Efficacy of identification of FH patients through a cascade screening programme such as in the Netherlands is dependent on several factors: regional referral rate, regional coverage of the screening programme, family size and willingness of relatives to participate. All these factors may have influenced the results of our study. We attempted to reduce referral bias of physicians by analysing index cases and identified family members separately, but as almost similar patterns can be observed in the two figures, this appears to play a minor role. Our results show different distributions for all 12 mutations with dense areas in all parts of the country, which reflects nationwide coverage.
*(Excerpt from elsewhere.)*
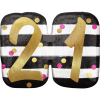 Stripes & Dots 21st Birthday Balloon in a Box Small Image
Estimations of the percentage of traced FH patients differ among provinces [14], but these are based on a presumed even distribution. Furthermore, we assume that family size and willingness for screening are similar for different mutations. Although these assumptions may not be completely correct and therefore may have biased our results to some extent, we have found a clear, unique distribution for the 12 most prevalent mutations.

Conclusion

Although more than 550 different FH mutations are identified in the Netherlands, for most of the 12 most prevalent Dutch mutations a founder effect can be observed, resulting in differences in geographical prevalence across the Netherlands. This can be explained by local founder effects plus limited migration, which is also reflected by the fact that neighbouring countries and countries were Dutch immigrants used to go, share the same mutations. The high prevalence and typical distribution of Dutch homozygous patients can also be understood by these founder effects. Molecular screening can be more efficient if it is tailored to the allele frequency distribution of the Dutch population. Furthermore, physician’s perception of FH could be influenced by the severity of the phenotype of the most prevalent mutation in a certain area, but further research is needed to confirm this.